Today's miles: 19 miles
Total miles: 2097

I woke up this morning to the sound of rain. When you live outside, this is one sound you dread hearing, for there's nothing worse than packing up soggy gear and walking in the rain all day.

I could soon hear the rustling of everyone else waking up, but it seemed we all were loathe to start hiking, because no one moved to pack up tents just yet. Instead, I began hearing the stirrings of morning rituals: Sunshine cooking breakfast beneath his rainfly, Treekiller deflating his sleeping pad, Sneaks loudly listening to Taylor Swift on his iPod speakers.
"So funny story," I heard Dingo say aloud from her tent, "when we were in Bend, I borrowed Sneaks' phone to look up something. You know how the search bar in Google likes to auto fill things when you start to type, based on what you've typed last? Well, when I started to type 'what', it auto filled to 'what is Taylor Swift's address?'"
We all cracked up, and Sneaks interrupted loudly, saying, "in my defense, I was looking up her e-mail address. I was trying to get tickets to her show." When we all laughed harder, he added grumpily, "there's nothing wrong with liking Tay-Tay, guys."

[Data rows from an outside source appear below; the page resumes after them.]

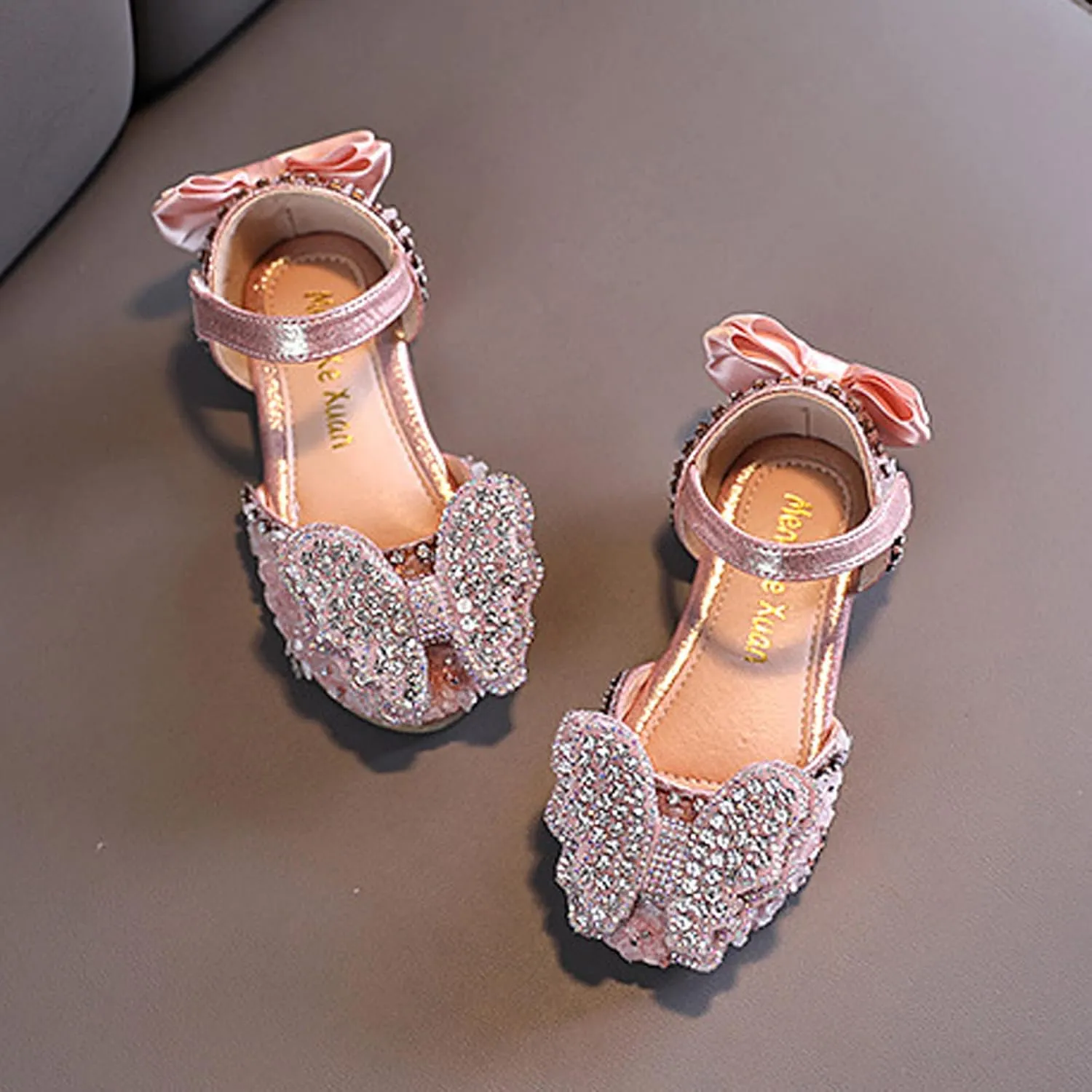 Girls Ballet Shoes Fashion Summer Girls Dance Shoes Princess Dress Performance Shoes Ribbon Pearl Bow Sandals Shoes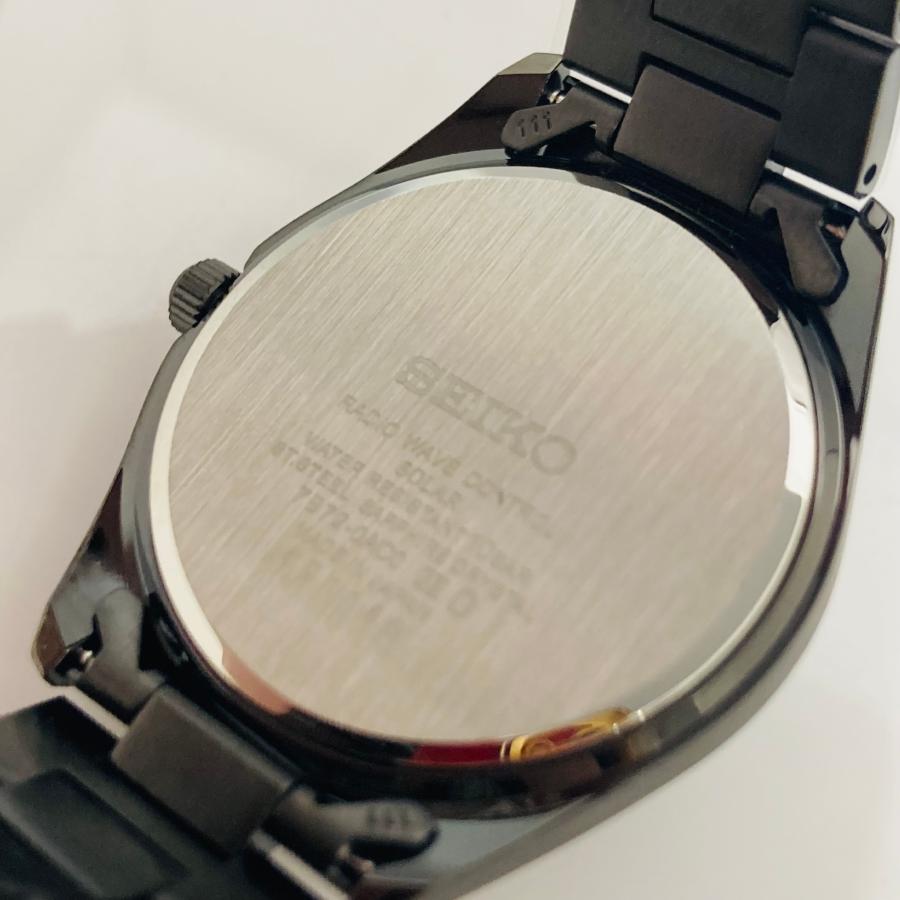 【新品】SEIKO セイコーセレクション メンズソーラー電波 SBTM325 オールブラック 10気圧防水 サファイアガラス【国内正規保証3年】の画像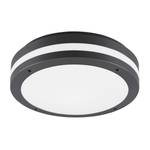 LED-plafondlamp Kendal polyetheen - 1 lichtbron - Zwart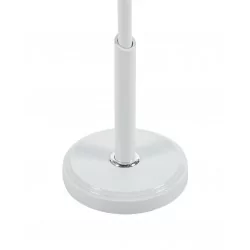 Porte-manteau design blanc – Finitions bois & base stable | Golddeco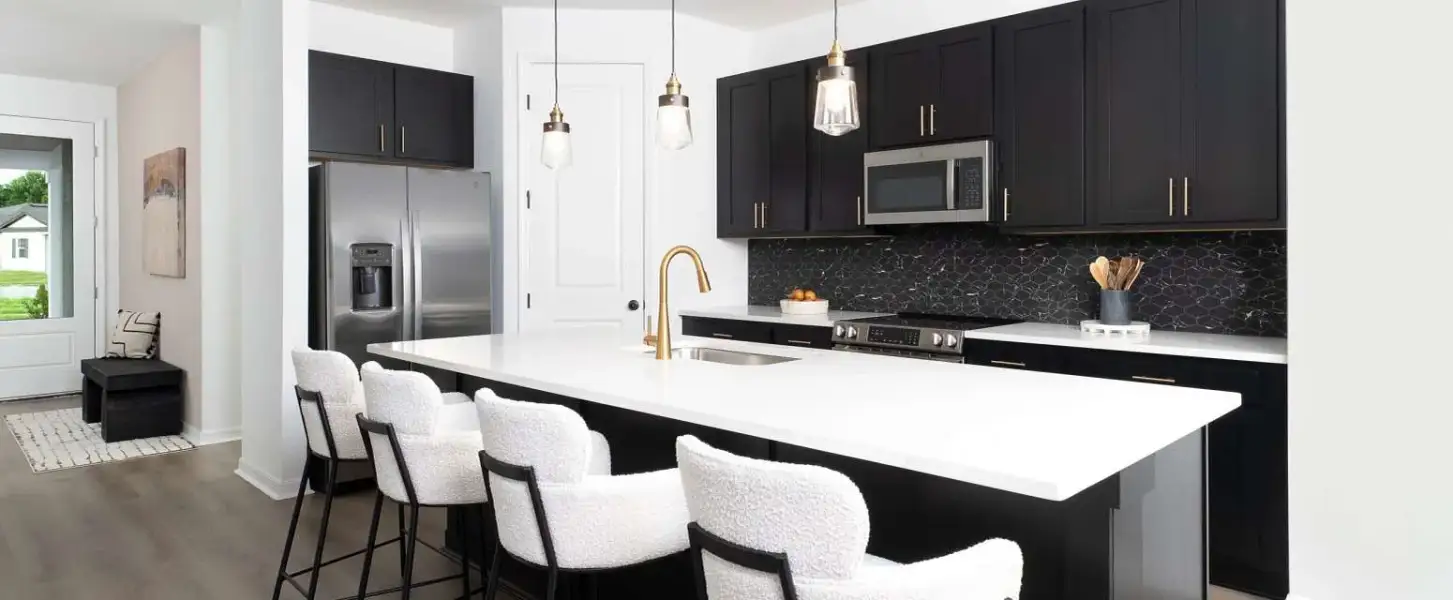 Representative furnished interior of a home built from the Badland by Ashton Woods in Berry Bay, Wimauma (Image 3).
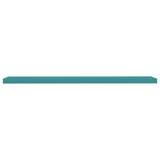 ZNTS Floating Wall Shelves 2 pcs Blue 120x23.5x3.8 cm MDF 326628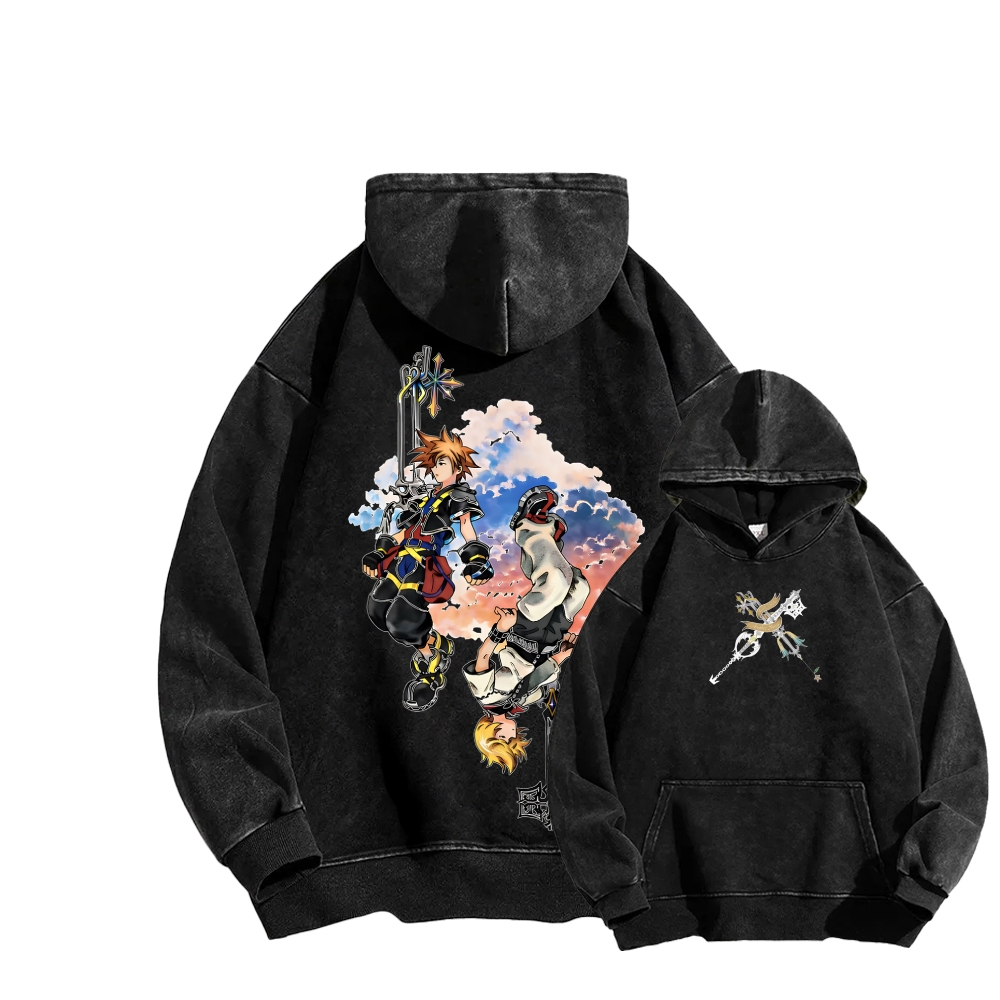 Kingdom Hearts Unisex Washed Hoodie 2602012454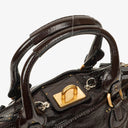 Chloe Paddington Dark Brown Patent Leather Satchel Bag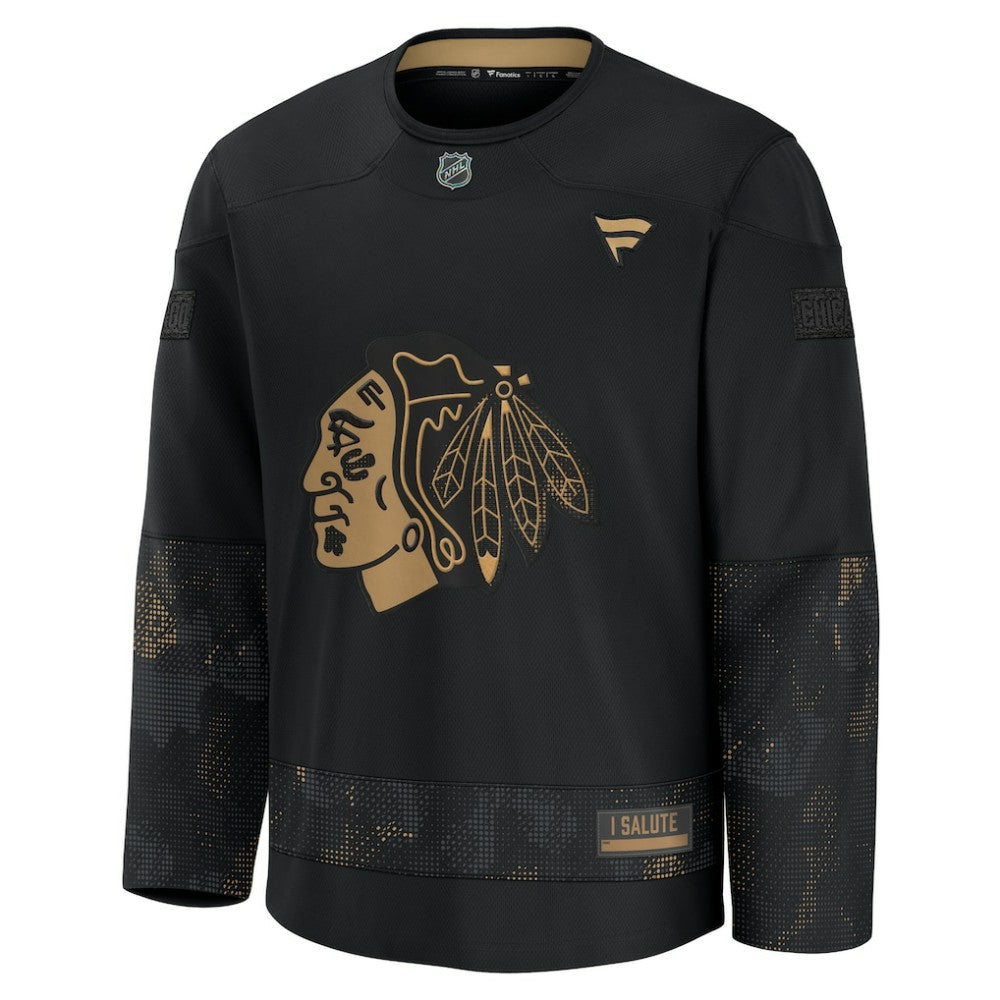Chicago Blackhawks Fanatics 2024 Military Appreciation Practice Jersey - Black | Fanatics on sale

Shortly afterward, we heard him humming to himself and asked aloud, "did everyone remember to comb his beard this morning?" Sneaks carried a small pocket comb and prided himself on combing out his bushy thru-hiker beard every morning and night.
"Is having a beard a prerequisite?" I called back.
I was the first to venture outside my tent. I made myself a warm breakfast and packed up my gear as fast as possible. Sneaks, still inside his tent, began playing his iPod louder, this time an Aretha Franklin tune.
It's raining men! Hallelujah it's raining men!
We laughed, and Sunshine poked his head out of his tent, calling back to Sneaks, "Hey! There are no men out here!"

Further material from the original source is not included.